ASSIGNED TASK — Everything below from the line with "Hi, it's Gary" through the line with "You mist the" should be copied exactly, and nothing else; leave out the pictures.

RECORD EXTRACTS —

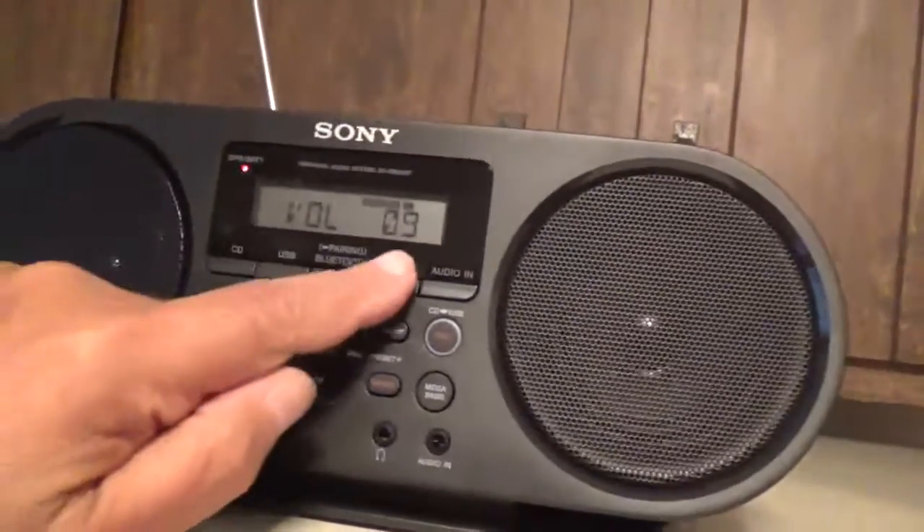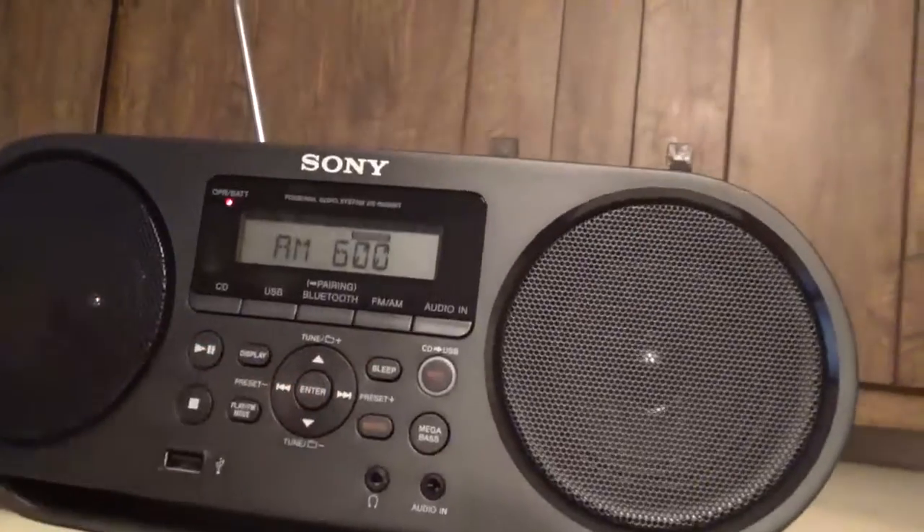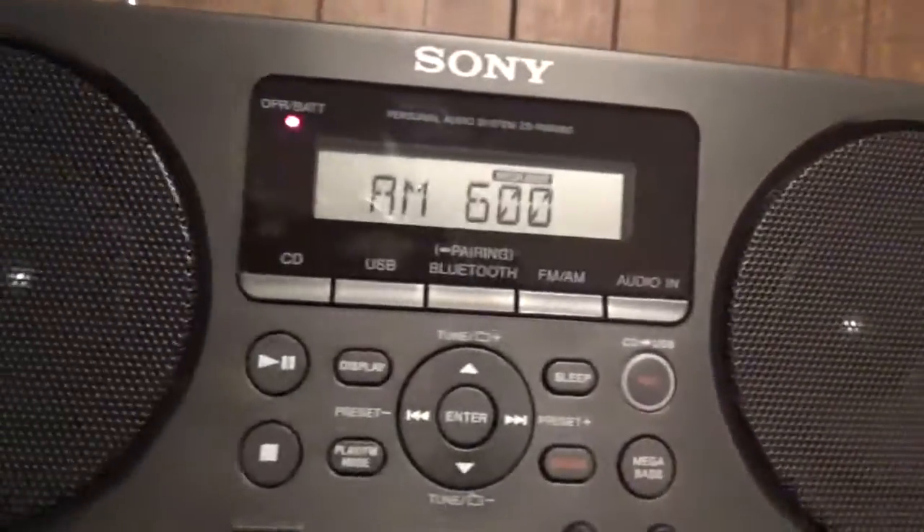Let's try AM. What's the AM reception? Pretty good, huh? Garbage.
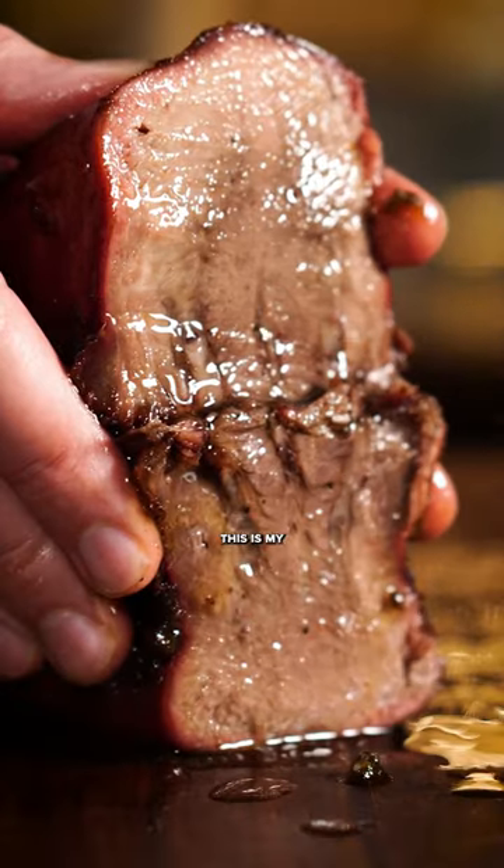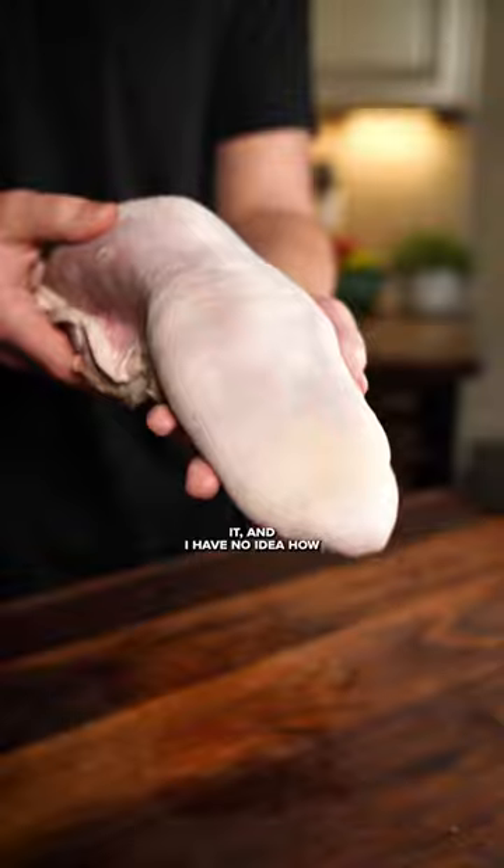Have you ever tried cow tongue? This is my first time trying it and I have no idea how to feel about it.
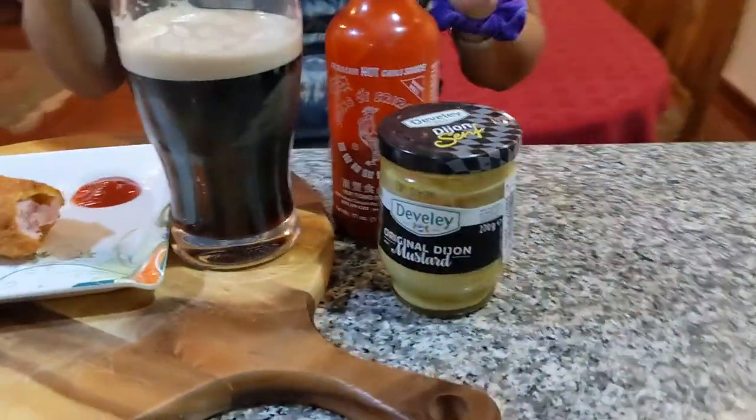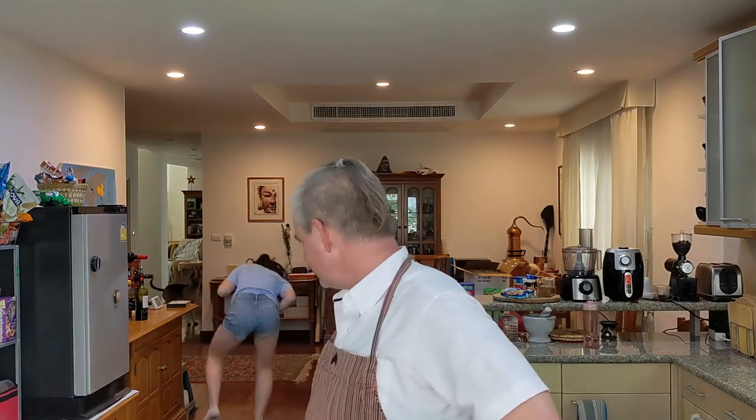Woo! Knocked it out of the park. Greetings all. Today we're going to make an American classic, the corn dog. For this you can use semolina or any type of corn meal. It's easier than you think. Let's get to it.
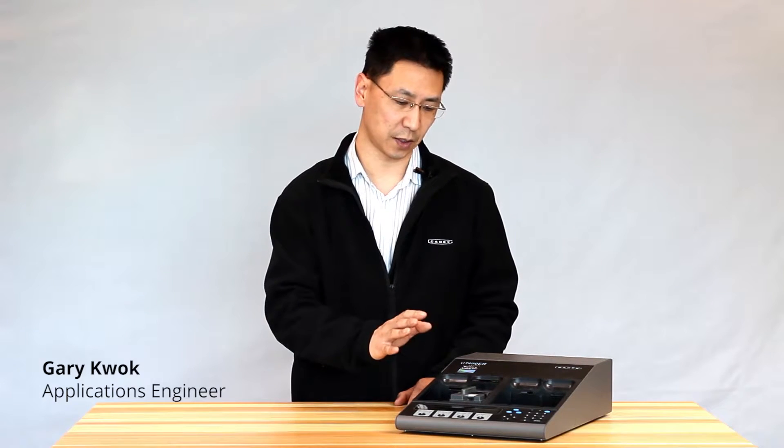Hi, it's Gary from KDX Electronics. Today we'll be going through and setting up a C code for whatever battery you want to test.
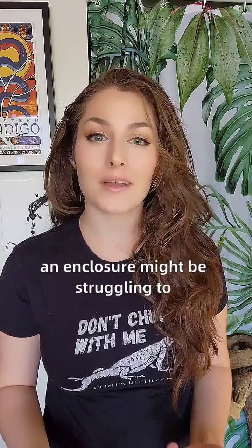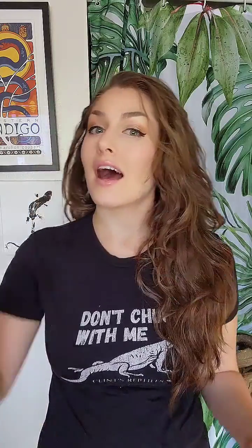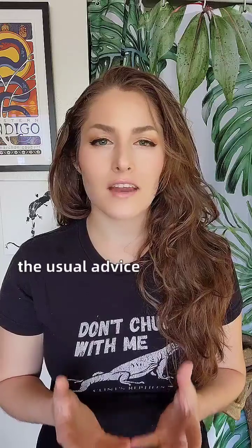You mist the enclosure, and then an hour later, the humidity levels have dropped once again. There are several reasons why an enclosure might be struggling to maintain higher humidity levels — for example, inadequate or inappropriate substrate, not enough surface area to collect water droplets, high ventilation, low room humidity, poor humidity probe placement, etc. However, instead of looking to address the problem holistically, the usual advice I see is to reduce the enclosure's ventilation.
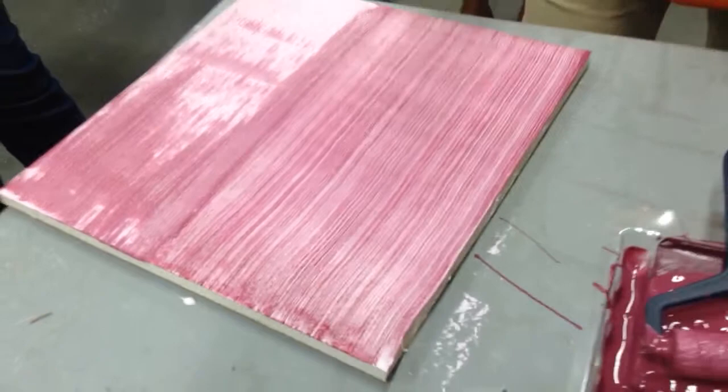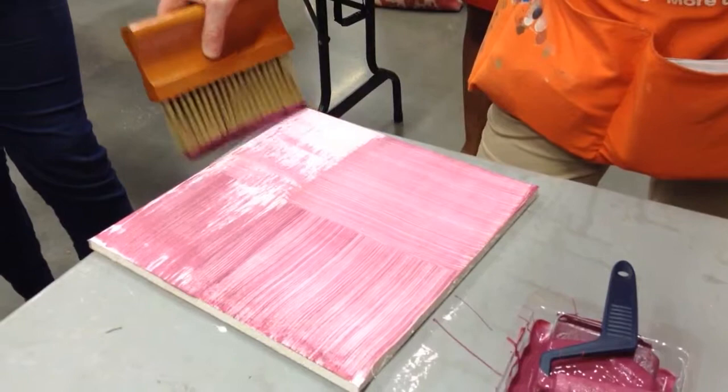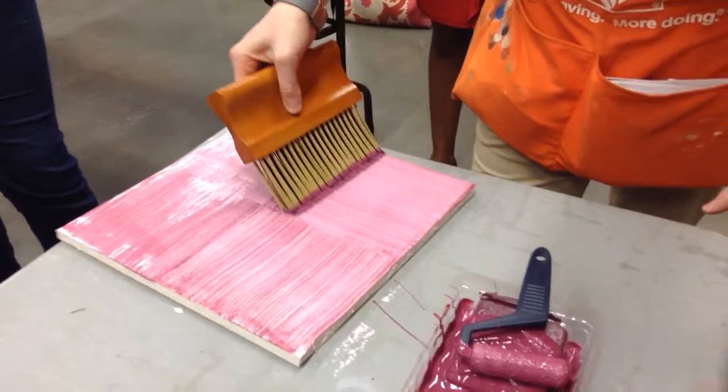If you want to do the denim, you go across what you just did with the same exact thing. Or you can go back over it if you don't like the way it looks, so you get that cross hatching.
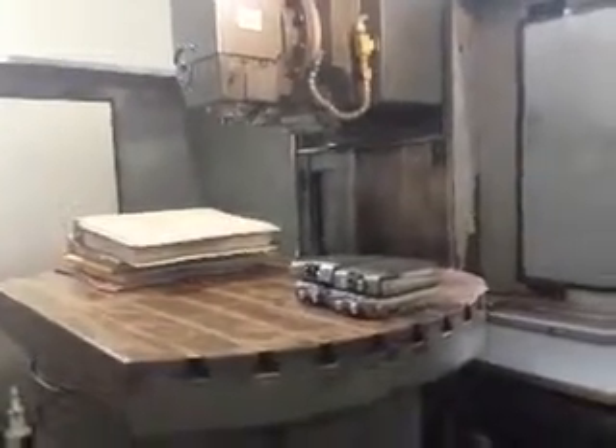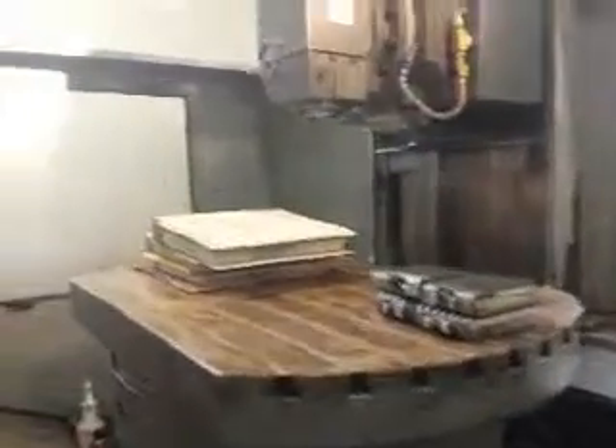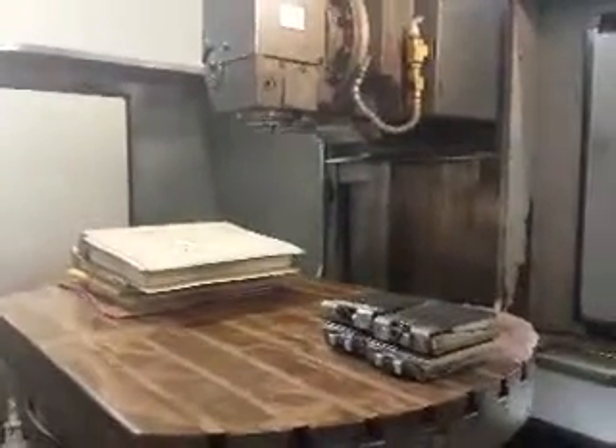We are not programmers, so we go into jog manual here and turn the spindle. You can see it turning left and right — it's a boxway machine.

SOLUTION BELOW —
Hi, it's Gary from KDX Electronics. Today we'll be going through and setting up a C code for whatever battery you want to test.
You mist the enclosure, and then an hour later, the humidity levels have dropped once again. There are several reasons why an enclosure might be struggling to maintain higher humidity levels — for example, inadequate or inappropriate substrate, not enough surface area to collect water droplets, high ventilation, low room humidity, poor humidity probe placement, etc. However, instead of looking to address the problem holistically, the usual advice I see is to reduce the enclosure's ventilation.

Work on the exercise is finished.